__Work instructions__:
Please return the listing below word for word, minus its pictures.
---------- Information supplied ----------
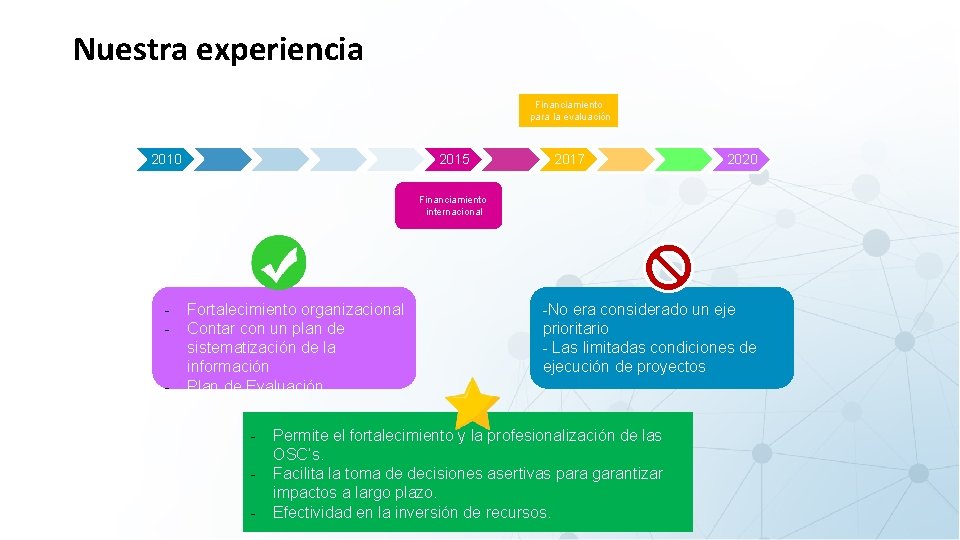 Nuestra experiencia Financiamiento para la evaluación 2010 2015 2017 2020 Financiamiento internacional - Fortalecimiento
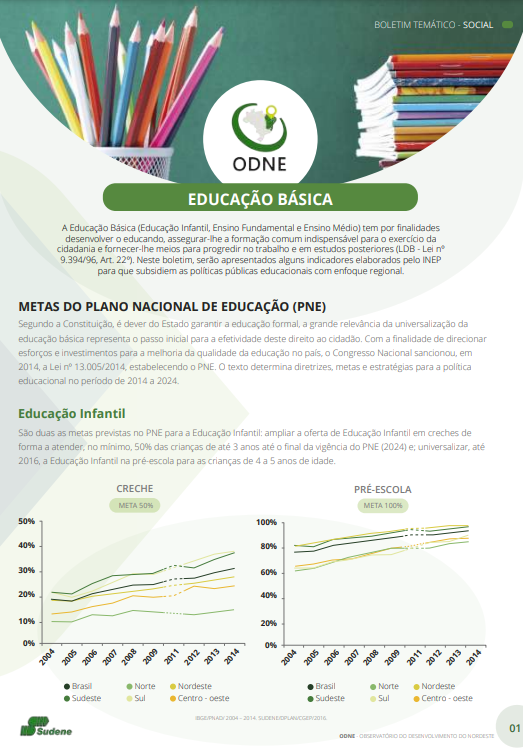 Educação básica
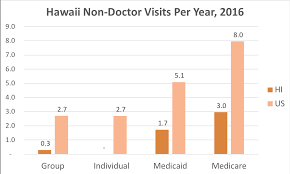 Maybe you would like to learn more about one of these? Hawaii Health Insurance Valchoice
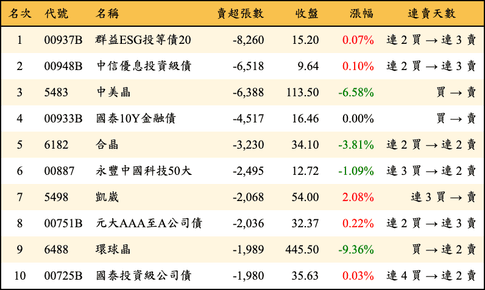 上櫃：外資當日賣超張數排行榜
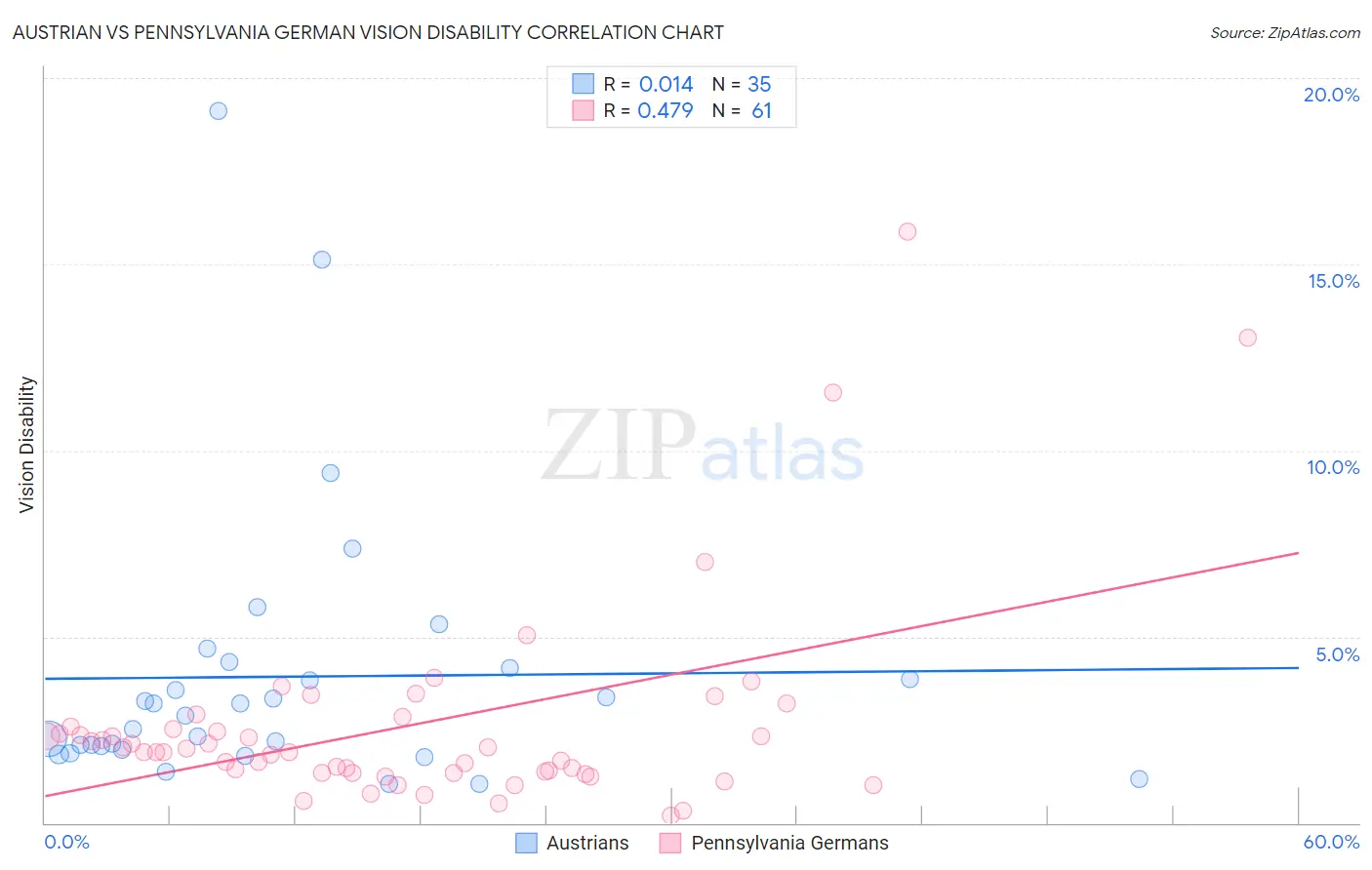 Austrian vs Pennsylvania German Vision Disability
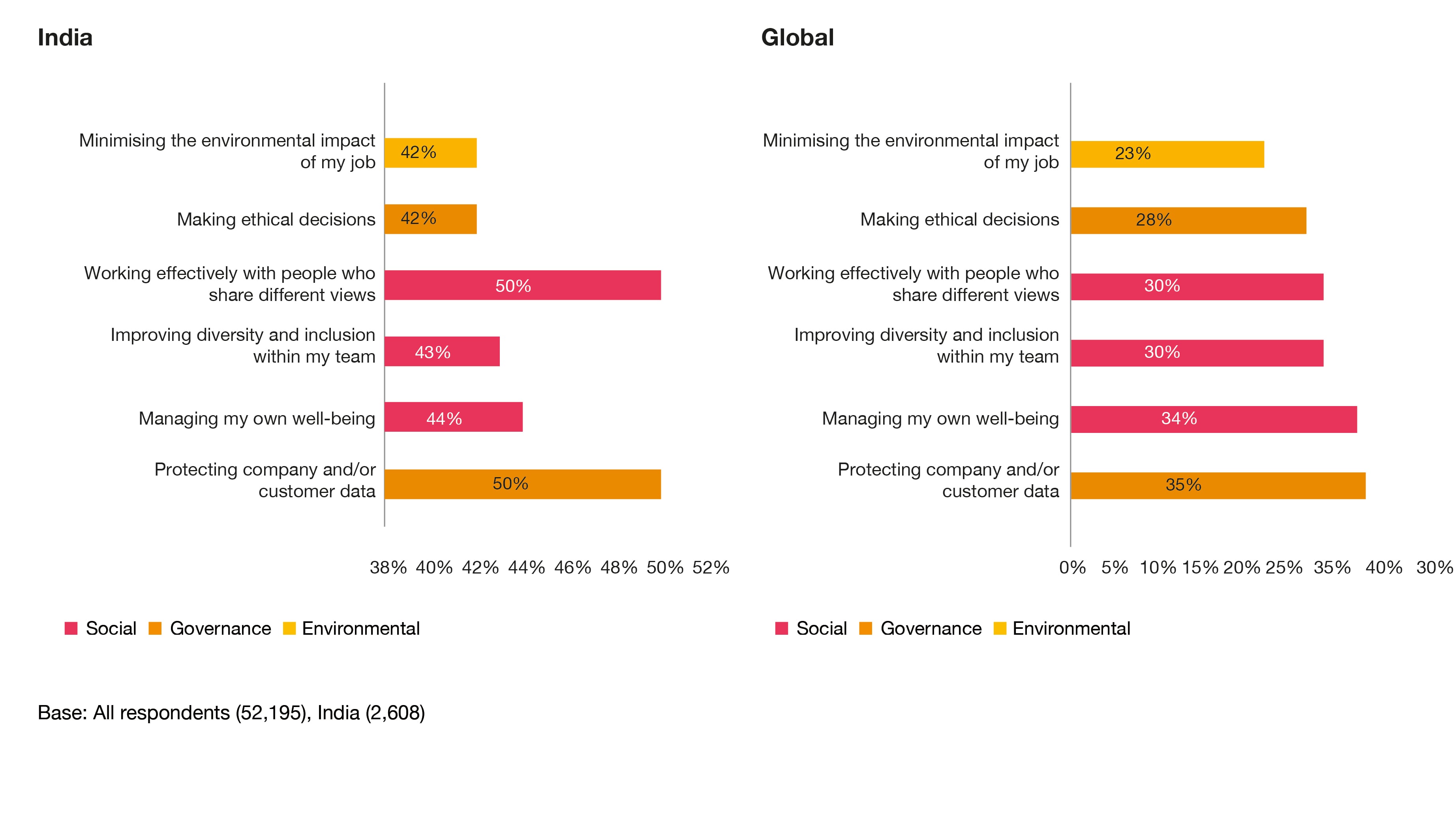 Over 30% of Indian employees say they are very likely to switch to a ...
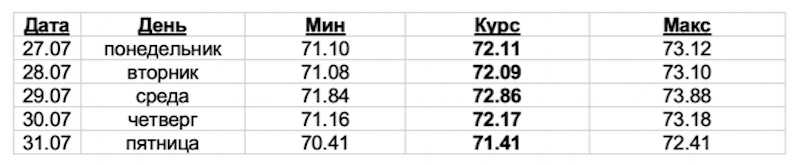 Какой прогноз курса ждет рубль в ближайшую неделю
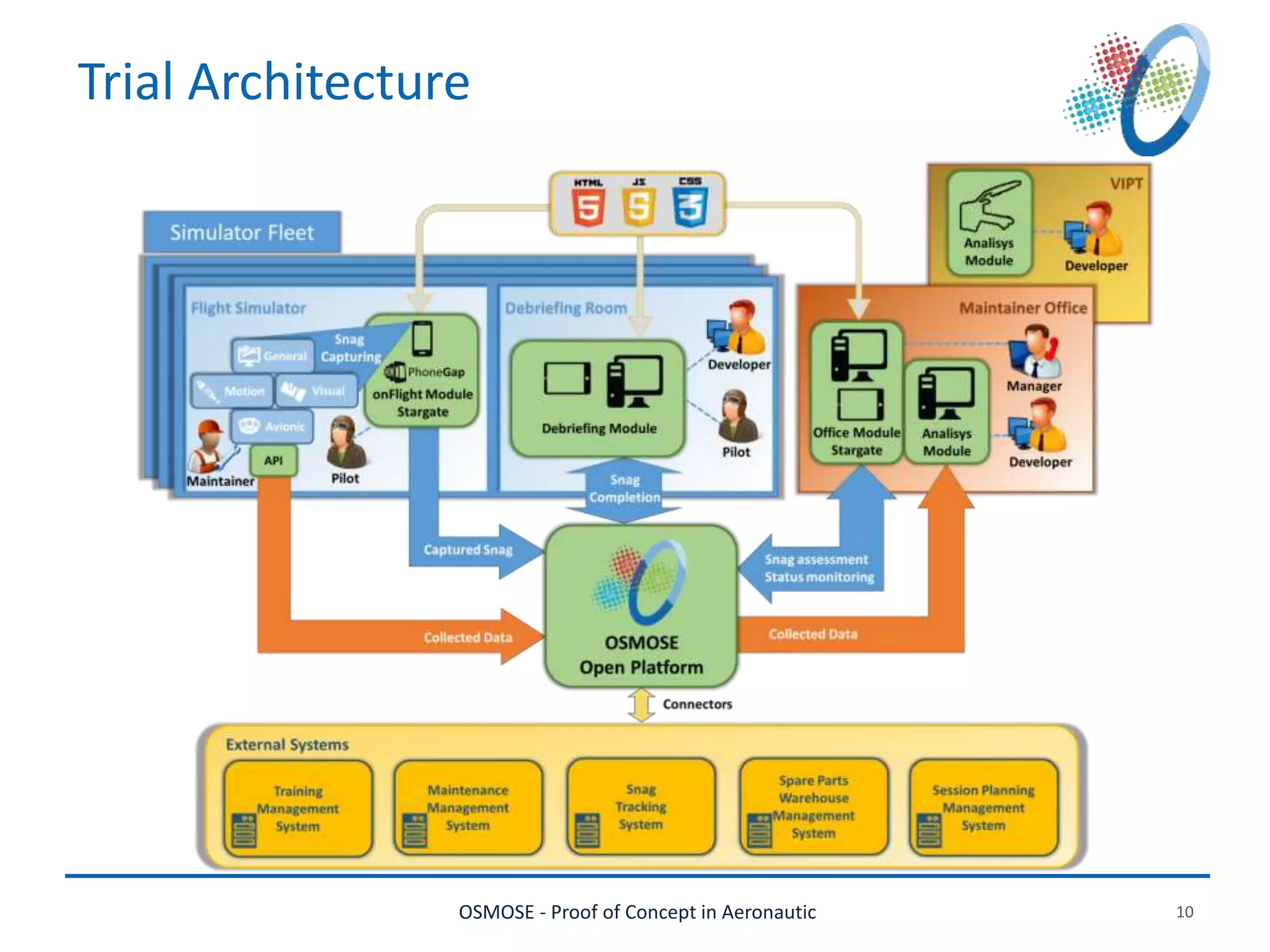 OSMOSE - Proof of Concept in Aeronautic 10
Trial Architecture
 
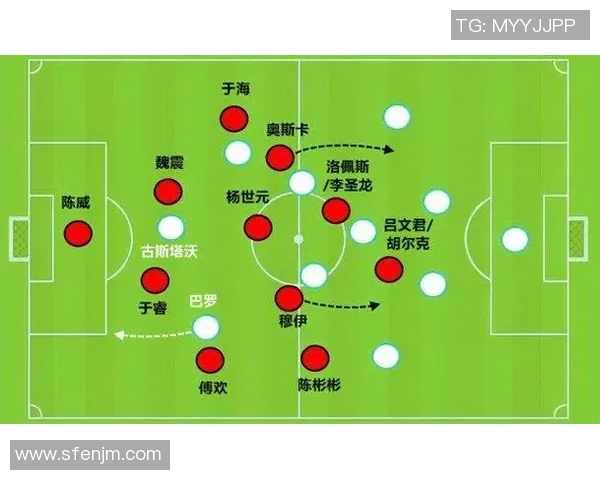 赛后分析:西安足球队与广州足球队的战术配合与表现评估 赛后分析:西安足球队与广州足球队的战术配合与表现评估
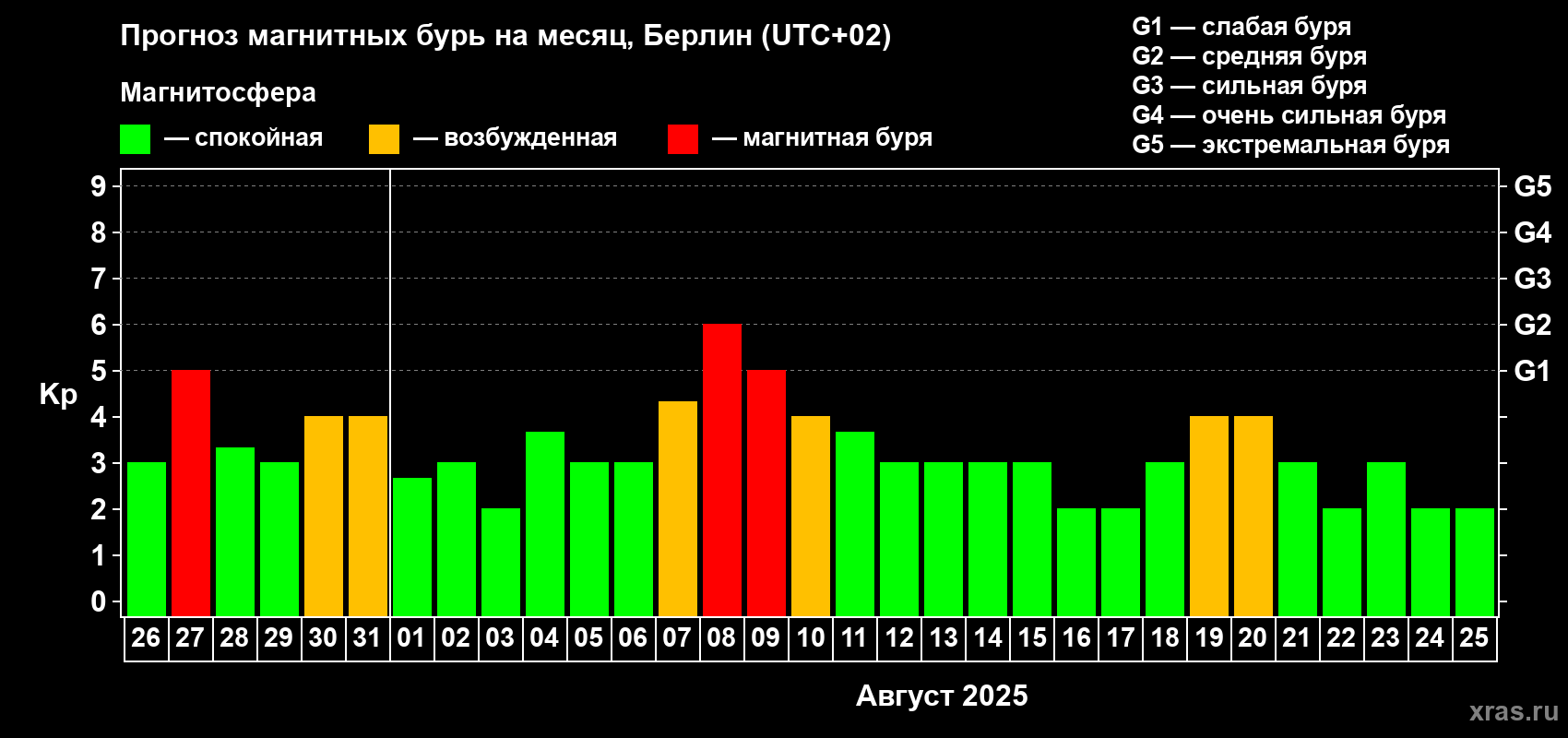 Прогноз максимального суточного геомагнитного индекса Kp на <b>1 месяц</b> (31 день) <b>с 26 июля по 25 августа 2025 г</b>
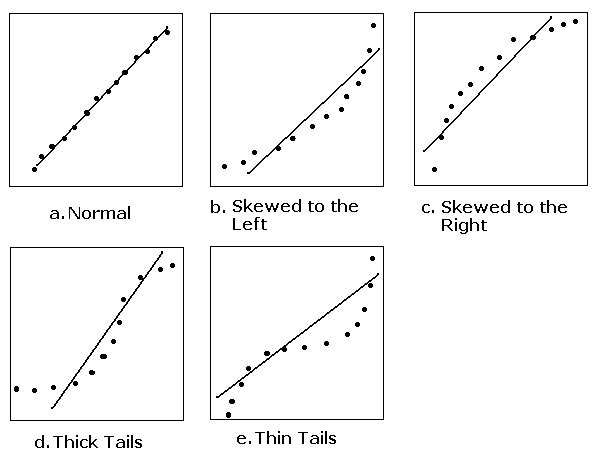 nplots.gif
----------
__Task solution__:
 Nuestra experiencia Financiamiento para la evaluación 2010 2015 2017 2020 Financiamiento internacional - Fortalecimiento
 Educação básica
 Maybe you would like to learn more about one of these? Hawaii Health Insurance Valchoice
 上櫃：外資當日賣超張數排行榜
 Austrian vs Pennsylvania German Vision Disability
 Over 30% of Indian employees say they are very likely to switch to a ...
 Какой прогноз курса ждет рубль в ближайшую неделю
 OSMOSE - Proof of Concept in Aeronautic 10
Trial Architecture
 
 赛后分析:西安足球队与广州足球队的战术配合与表现评估 赛后分析:西安足球队与广州足球队的战术配合与表现评估
 Прогноз максимального суточного геомагнитного индекса Kp на <b>1 месяц</b> (31 день) <b>с 26 июля по 25 августа 2025 г</b>
 nplots.gif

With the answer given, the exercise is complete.